8. The armature as set forth in claim 4, wherein:

the engagement member has an engagement member main body formed in an annular shape;

the third engagement portion is a recess formed in the engagement member main body;

the armature core has a cylindrical armature core main body formed by laminating a core-forming sheet in a plurality of layers in an axial direction; and

the fourth engagement portion is an end portion of the core-forming sheet which is bent to protrude from the armature core main body toward the engagement member.

9. The armature as set forth in claim 1, wherein:

the armature core is formed, by laminating a plurality of core-forming sheets in an axial direction, into the cylindrical shape; and

at least one of the core-forming sheets engages with the coil assembly.

10. The armature as set forth in claim 1, wherein:

the coil has an axial central portion constituting a vertical portion, and axial end portions constituting coil end portions respectively on opposite axial sides of the vertical portion;

the coil assembly is arranged along a radially inner or radially outer surface of the armature core; and

the engagement member is formed of a nonmagnetic material, arranged along an axial end face of the-armature core, and located at a position not radially overlapping the vertical portion.

11. The armature as set forth in claim 1, wherein:

between the coil assembly and the armature core, there is provided an insulator; and

the insulator is formed integrally with the engagement member.

12. The armature as set forth in claim 1, wherein:

a sensor is mounted to the engagement member.

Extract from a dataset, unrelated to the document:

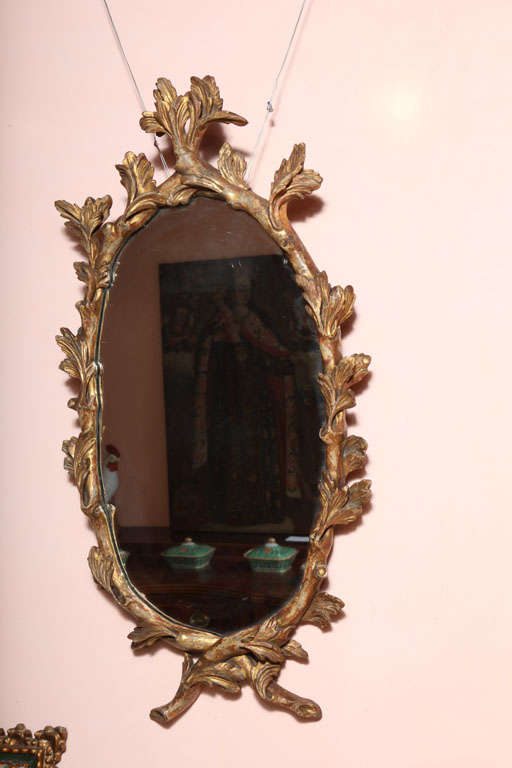 Giltwood A Pair of George III Carved and Gilded Twig Form Mirrors For Sale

13. The armature as set forth in claim 1, wherein:

the band member is rolled along the circumferential direction in a plurality of laps to have a plurality of layers in a radial direction;

as the first engagement portion, in each of the layers of the band member, there are provided a plurality of first engagement portions at predetermined intervals in the circumferential direction; and

the circumferential intervals between the first engagement portions provided in one of the layers are set to be greater than the circumferential intervals between the first engagement portions provided in another of the layers which is located radially inside the one of the layers, so that the circumferential positions of the first engagement portions provided in the one of the layers respectively coincide with the circumferential positions of the first engagement portions provided in the another of the layers.

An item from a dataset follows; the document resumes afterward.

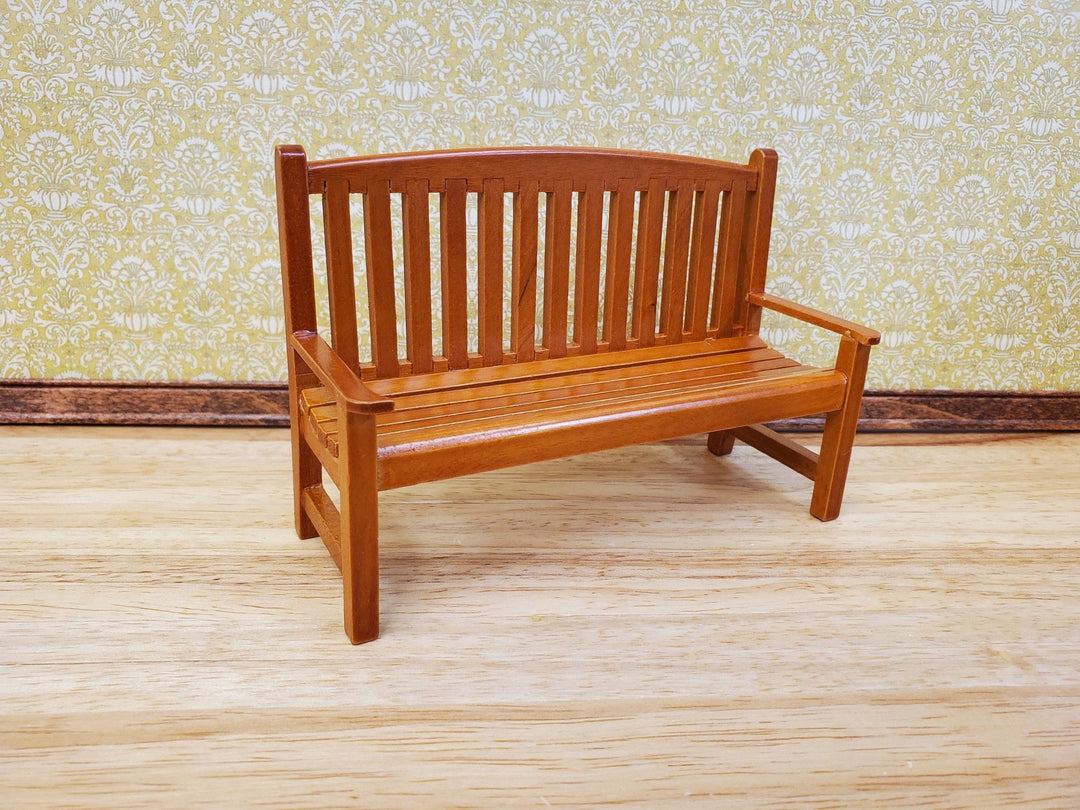 Dollhouse Garden Bench Large Classic Style Wood with Walnut Finish 1:12 Scale Miniature Furniture - Miniature Crush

14. An armature comprising:

a tubular armature core;

a coil assembly arranged along the armature core and having a band member, a coil and a first engagement portion, the band member being formed of an electrically-insulative material into a band shape and rolled along a circumferential direction into an annular shape, the coil being formed of an electroconductive material to the band member, the first engagement portion being provided to the band member; and

an engagement member mounted to the armature core, the engagement member having a second engagement portion that engages with the first engagement portion and thereby positions the coil assembly with respect to the armature core,

wherein:

the engagement member and the armature core are arranged in alignment with each other in an axial direction.

15. An armature comprising:

a tubular armature core;

a coil assembly arranged along the armature core and having a band member, a coil and a first engagement portion, the band member being formed of an electrically-insulative material into a band shape and rolled along a circumferential direction into an annular shape, the coil being formed of an electroconductive material to the band member, the first engagement portion being provided to the band member; and

an engagement member mounted to the armature core, the engagement member having a second engagement portion that engages with the first engagement portion and thereby positions the coil assembly with respect to the armature core,

wherein:

the armature core is arranged radially outside the coil assembly.

16. A rotating electric machine comprising:

a stator; and

a rotor,

wherein:

one of the stator and the rotor includes the armature as set forth in claim 1, and the other of the stator and the rotor has magnets arranged to radially face the coil assembly.